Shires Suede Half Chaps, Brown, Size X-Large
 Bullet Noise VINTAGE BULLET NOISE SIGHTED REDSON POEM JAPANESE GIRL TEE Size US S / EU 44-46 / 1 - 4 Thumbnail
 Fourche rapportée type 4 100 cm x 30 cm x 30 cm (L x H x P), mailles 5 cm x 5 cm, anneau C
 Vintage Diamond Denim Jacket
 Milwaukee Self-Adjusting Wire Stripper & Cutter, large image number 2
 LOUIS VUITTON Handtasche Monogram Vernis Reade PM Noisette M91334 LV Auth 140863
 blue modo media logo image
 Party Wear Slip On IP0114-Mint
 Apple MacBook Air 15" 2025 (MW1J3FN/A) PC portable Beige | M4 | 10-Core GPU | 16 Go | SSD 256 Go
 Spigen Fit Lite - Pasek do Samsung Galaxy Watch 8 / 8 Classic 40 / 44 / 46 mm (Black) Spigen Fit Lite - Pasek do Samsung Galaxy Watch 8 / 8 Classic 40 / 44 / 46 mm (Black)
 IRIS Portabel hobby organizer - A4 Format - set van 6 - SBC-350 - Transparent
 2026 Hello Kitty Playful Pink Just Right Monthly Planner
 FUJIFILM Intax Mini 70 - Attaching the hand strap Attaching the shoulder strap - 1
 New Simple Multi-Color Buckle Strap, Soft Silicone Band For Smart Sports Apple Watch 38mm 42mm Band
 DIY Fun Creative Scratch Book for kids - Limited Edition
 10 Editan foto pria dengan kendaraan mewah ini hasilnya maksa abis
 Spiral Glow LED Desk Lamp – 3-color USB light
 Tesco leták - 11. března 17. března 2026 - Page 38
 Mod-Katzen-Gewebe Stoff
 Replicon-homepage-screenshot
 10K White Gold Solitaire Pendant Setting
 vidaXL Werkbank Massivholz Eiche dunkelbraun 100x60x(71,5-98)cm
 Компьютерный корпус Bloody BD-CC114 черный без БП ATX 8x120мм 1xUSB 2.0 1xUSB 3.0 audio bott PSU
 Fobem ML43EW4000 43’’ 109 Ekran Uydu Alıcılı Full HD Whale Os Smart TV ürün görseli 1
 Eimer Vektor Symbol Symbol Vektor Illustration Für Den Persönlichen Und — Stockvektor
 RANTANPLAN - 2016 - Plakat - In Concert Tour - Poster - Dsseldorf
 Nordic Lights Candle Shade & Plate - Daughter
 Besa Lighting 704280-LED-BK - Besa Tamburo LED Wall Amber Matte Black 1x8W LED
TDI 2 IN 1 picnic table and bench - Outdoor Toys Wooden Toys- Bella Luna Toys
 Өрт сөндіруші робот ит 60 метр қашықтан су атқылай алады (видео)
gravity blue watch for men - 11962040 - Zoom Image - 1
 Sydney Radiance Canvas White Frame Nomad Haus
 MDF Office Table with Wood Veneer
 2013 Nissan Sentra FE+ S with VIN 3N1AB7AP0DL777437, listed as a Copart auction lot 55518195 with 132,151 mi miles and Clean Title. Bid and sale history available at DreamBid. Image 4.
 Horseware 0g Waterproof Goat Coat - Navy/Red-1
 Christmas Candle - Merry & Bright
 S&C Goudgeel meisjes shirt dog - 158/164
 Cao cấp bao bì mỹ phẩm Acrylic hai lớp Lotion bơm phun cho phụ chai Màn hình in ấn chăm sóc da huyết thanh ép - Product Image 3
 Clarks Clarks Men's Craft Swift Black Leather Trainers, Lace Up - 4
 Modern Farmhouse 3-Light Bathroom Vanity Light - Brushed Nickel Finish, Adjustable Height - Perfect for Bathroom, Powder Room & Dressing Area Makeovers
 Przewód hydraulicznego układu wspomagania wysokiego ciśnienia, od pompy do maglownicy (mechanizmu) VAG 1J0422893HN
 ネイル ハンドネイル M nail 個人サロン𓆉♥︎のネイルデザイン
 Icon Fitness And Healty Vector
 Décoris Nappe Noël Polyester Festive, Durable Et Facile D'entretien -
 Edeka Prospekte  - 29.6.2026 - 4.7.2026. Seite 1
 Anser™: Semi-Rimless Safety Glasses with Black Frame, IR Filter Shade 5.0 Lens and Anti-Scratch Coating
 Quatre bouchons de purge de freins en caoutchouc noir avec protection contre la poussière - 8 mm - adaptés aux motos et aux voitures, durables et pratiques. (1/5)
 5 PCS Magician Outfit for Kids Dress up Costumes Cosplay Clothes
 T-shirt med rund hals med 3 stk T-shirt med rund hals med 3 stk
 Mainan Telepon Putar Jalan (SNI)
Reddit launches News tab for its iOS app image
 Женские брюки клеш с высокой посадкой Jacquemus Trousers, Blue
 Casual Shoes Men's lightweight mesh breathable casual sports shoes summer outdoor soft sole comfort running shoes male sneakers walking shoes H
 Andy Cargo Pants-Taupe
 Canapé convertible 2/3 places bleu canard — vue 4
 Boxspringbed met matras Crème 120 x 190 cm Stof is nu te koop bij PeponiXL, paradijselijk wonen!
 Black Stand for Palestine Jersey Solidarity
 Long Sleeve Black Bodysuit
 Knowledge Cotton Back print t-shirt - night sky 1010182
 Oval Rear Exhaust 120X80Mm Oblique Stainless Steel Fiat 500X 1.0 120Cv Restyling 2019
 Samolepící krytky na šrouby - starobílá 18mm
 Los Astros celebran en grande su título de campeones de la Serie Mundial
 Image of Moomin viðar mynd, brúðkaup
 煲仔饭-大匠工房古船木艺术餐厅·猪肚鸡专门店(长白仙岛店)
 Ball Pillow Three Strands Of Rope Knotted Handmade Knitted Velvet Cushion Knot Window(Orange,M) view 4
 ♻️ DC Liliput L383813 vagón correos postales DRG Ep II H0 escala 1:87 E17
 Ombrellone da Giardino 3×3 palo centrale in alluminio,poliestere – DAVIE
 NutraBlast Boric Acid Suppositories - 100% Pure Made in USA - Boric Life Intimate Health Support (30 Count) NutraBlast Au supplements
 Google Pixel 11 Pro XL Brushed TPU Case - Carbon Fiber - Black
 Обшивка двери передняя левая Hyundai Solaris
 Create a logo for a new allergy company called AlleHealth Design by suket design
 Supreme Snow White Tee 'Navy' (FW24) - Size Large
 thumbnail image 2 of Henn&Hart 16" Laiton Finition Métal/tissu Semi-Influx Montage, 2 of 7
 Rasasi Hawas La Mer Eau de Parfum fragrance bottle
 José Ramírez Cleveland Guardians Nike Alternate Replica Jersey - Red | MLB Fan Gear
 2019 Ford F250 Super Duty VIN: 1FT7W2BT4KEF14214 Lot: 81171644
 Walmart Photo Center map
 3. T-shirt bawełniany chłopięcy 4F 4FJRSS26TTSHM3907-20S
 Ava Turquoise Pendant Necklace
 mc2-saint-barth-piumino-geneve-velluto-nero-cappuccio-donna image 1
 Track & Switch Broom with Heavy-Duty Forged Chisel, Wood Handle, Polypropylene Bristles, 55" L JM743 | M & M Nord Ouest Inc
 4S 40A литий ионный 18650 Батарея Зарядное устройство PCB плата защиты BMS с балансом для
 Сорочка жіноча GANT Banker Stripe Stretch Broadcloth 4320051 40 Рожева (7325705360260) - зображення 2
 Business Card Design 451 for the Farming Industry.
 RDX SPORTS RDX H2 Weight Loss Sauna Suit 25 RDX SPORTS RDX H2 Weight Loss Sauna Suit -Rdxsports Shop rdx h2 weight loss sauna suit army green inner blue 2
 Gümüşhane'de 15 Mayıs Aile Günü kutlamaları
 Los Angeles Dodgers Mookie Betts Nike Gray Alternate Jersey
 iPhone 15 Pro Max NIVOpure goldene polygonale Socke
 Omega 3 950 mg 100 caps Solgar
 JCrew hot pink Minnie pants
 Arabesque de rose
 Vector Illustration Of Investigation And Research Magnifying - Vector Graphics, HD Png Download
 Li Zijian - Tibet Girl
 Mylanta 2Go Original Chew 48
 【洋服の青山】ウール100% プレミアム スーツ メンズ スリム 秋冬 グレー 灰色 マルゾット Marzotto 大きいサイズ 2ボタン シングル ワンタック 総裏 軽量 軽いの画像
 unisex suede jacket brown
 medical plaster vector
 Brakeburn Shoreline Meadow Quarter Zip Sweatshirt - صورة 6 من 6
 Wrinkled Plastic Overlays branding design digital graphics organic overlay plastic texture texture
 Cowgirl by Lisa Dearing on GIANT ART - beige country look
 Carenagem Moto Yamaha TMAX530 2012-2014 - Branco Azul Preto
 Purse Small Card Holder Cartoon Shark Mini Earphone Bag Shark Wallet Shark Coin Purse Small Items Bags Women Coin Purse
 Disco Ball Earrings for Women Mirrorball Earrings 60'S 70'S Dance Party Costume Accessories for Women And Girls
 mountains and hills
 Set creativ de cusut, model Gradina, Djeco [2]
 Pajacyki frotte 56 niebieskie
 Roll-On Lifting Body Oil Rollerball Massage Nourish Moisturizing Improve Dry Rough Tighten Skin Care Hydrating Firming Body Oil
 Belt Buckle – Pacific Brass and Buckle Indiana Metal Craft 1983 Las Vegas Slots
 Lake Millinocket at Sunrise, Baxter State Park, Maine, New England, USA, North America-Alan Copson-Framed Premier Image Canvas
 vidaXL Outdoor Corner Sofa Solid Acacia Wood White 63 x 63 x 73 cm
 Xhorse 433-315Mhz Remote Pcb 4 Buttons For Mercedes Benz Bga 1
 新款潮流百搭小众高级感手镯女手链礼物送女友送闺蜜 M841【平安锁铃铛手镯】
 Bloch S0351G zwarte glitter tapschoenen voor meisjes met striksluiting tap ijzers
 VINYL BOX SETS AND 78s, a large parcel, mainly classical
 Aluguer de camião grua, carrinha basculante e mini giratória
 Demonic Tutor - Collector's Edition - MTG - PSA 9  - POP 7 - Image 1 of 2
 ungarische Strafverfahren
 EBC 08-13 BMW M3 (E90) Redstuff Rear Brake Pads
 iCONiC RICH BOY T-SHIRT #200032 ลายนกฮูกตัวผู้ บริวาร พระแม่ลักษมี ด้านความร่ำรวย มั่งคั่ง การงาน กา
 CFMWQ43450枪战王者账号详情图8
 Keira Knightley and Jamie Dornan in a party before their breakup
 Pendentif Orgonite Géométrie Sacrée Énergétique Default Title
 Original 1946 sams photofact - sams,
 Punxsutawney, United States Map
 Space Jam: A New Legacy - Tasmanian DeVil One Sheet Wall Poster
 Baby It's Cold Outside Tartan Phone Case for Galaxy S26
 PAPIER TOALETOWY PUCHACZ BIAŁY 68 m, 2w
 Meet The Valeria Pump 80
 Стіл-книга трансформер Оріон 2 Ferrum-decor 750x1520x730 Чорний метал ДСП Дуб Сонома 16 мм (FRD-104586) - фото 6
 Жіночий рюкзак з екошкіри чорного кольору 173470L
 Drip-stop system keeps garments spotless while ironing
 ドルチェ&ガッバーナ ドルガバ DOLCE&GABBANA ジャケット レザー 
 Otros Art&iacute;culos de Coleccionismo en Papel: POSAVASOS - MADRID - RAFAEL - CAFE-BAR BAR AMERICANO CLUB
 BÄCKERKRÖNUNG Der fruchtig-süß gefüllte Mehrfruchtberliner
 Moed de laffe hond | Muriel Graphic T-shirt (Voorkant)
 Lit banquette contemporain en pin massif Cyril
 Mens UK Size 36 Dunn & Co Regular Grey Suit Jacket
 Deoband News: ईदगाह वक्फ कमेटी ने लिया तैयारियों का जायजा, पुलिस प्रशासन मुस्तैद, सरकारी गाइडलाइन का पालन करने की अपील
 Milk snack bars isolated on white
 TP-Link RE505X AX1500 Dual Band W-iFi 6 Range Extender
:::::
Problem requirements:
Search the material above for the word "Craft", then copy out each line that has it.

Expected answer:
 Clarks Clarks Men's Craft Swift Black Leather Trainers, Lace Up - 4
 Belt Buckle – Pacific Brass and Buckle Indiana Metal Craft 1983 Las Vegas Slots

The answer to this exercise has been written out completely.